What Just Happened: Gaza

Israel warplanes and artillery mercilessly bombed Palestinian civilians trapped in the Gaza strip. The Israeli government evicted Palestinians from Jerusalem neighborhoods to secure Jewish control of the city. Jewish mobs dragged Palestinians from their cars and killed them.

Or . . .

Hamas indiscriminantly launched hundreds of rockets into Israel. Palestinian mobs threw rocks down on Jews praying at the Western Wall, and set fire to cars and synagogues elsewhere.

Or . . .

Cynical political leaders on both sides used a violent confrontation to further their own positions. Biased media reported parts of the story to get you to take sides. Gullible people who should be researching the situation instead shared and tweeted and emoted about things like international law and war crimes about which they knew little.
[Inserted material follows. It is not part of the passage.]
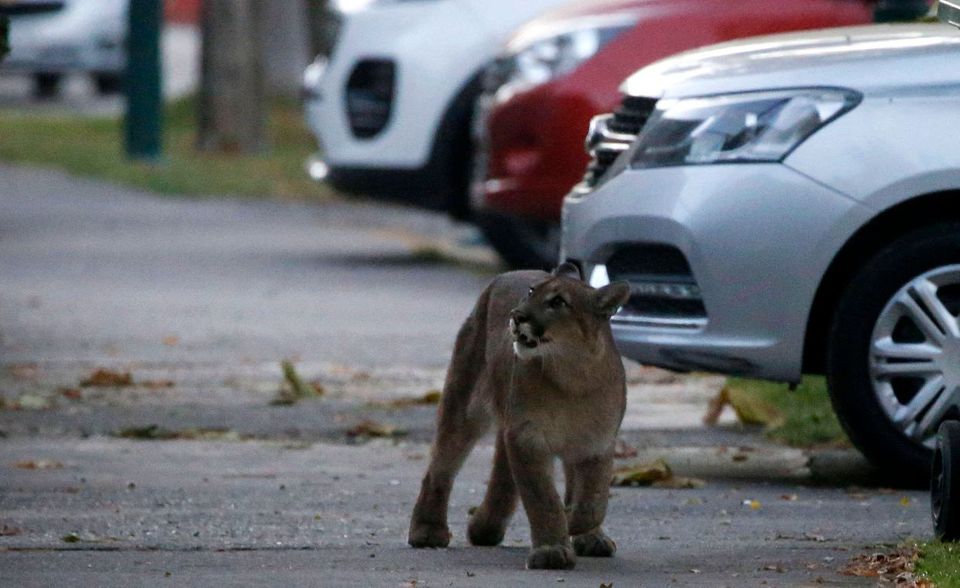Puma aus den nahen Bergen nach Santiago de Chile verschlagen. Die ungewohnte Ruhe in der chilenischen Hauptstadt könnte ihn zu diesem ungewöhnlichen Ausflug verleitet haben. Das Tier wurde betäubt und zurückgebracht.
I’ll review the facts, you decide!

The current flare up–and remember, there have been countless ones before this–began in a courtroom. The Israeli Supreme Court was set to decide whether a group of Palestinians could be evicted from the Sheik Jarrar neighborhood of Jerusalem. The Palestinians had lived there since 1948, after having been displaced during the original Jewish-Arab conflict. The neighborhood had been Jewish prior to 1948, but the Jordanian government, which seized all of Jerusalem during the war and expelled the Jews, now had thousands of Arab refugees (there were no people called “Palestinians” at this time, as the term was a general one for the region, and not used for any specific people. It would be like referring to Ohioans as Midwesterners: true, but not specific). Jordan decided to settle displaced Arabs in former Jewish properties with the approval of the UN Relief and Works Agency (UNRWA). While this was a practical solution, it did violate concepts of international law which forbid the re-titling of personal property forcibly seized pursuant to war.
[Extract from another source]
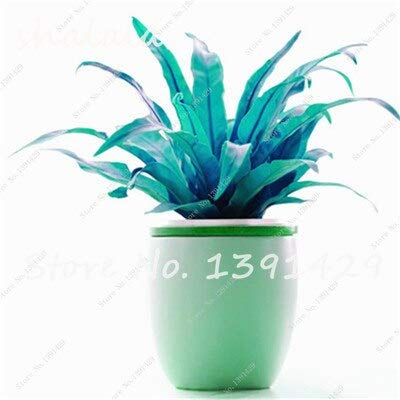 5  100 Pcs Perennial Flower Seeds Goose Palm Vine Seeds Goose Rattan Bonsai Plant Garden Flowers Seeds The Germination Rate 95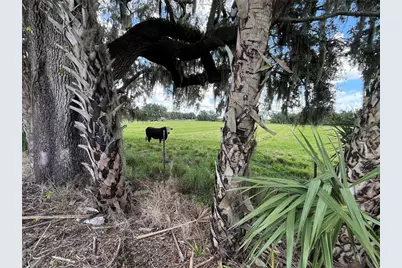 Johns Road, Wauchula, FL 33873 - Photo 15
Even the Jordanians respected this precedent, so despite Palestinian claims, Jordan never gave them proper title during the next twenty years, and Sheik Jarrar remained a Jewish neighborhood with Arab residents. The Israelis reclaimed all of Jerusalem in the 1967 war, and began systematically removing Palestinian squatters, both by legal and illegal means. This activity has proceeded in fits and starts for fifty-three years. At one point, Palestinian residents of Sheik Jarrar agreed to a compromise to be permitted to stay indefinitely as long as they paid rent, on which they subsequently reneged. The Israeli Supreme Court finally ruled last year that the Palestinians had to vacate the property by May of this year, but last month delayed the eviction to let the Israeli Attorney General take one more look at the case.

Point #1: International law is clear that these specific properties are Jewish and the Israelis have every right to evict the Palestinians. That said, the Israeli government has also evicted thousands of Palestinians without proper legal authority, and denies Palestinians the “right of return” to their former properties in Israel, the same right they are enforcing in Sheik Jarrar.
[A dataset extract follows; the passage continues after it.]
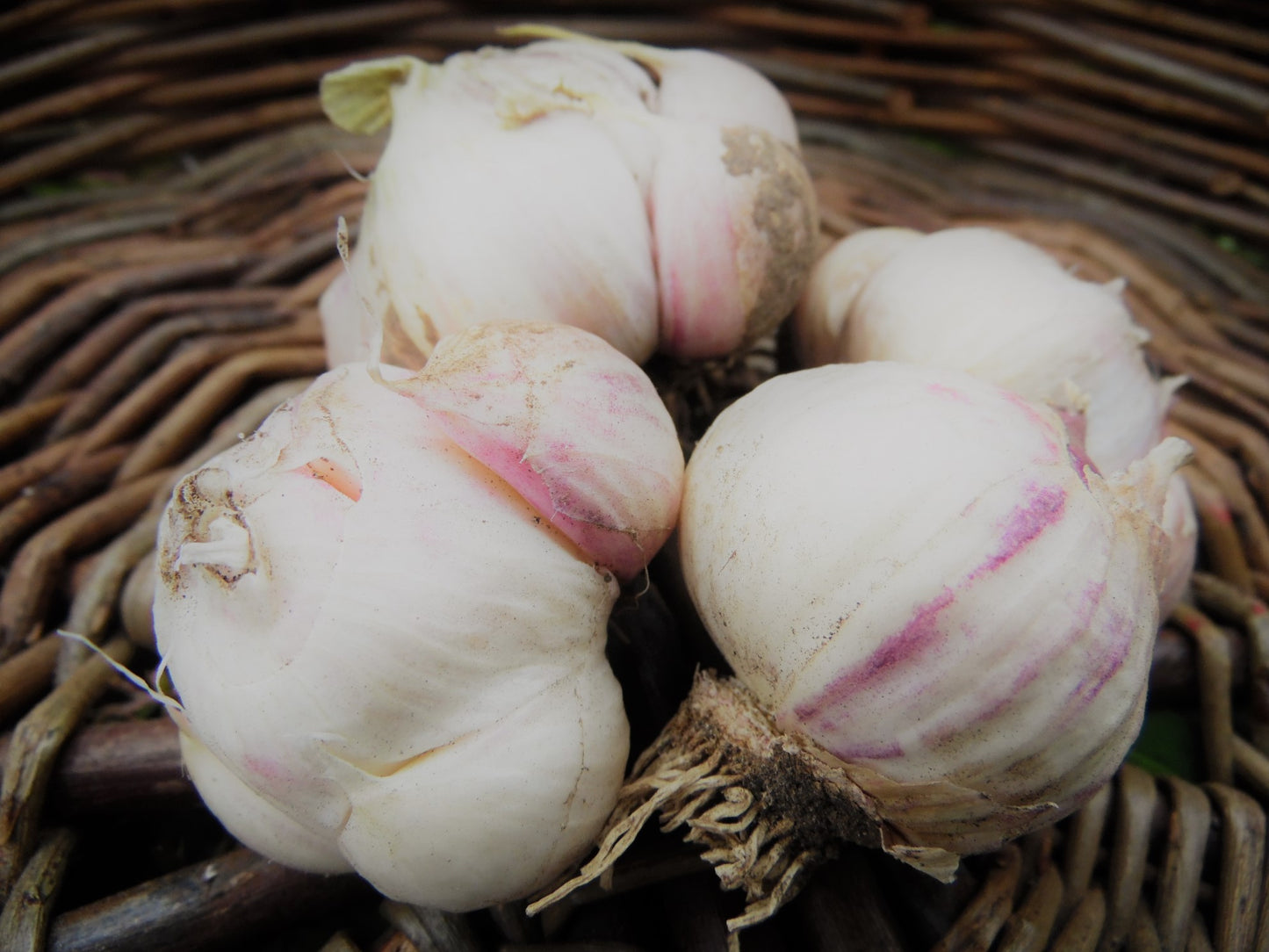 Fresh Garlic - 150g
In anticipation of the end of the Muslim holy period of Ramadan, and the expected Israeli Supreme Court decision, Palestinian youth began gathering nightly at the Damascus Gate, a popular location along the Old City wall. Local Jewish authorities responded with riot dispersal methods before any real problems happened: perhaps with the intent to defuse, but ultimately inflaming the situation.

Jewish extremists gathered near the al-Aqsa Mosque on May 10th to celebrate “Jerusalem Day” and the recapture of the holy city during the 1967 war. These same marchers demanded access to al-Aqsa and were denied by Israeli security forces, but they subsequently engaged in acts of vandalism and violence at various locations in and around the city.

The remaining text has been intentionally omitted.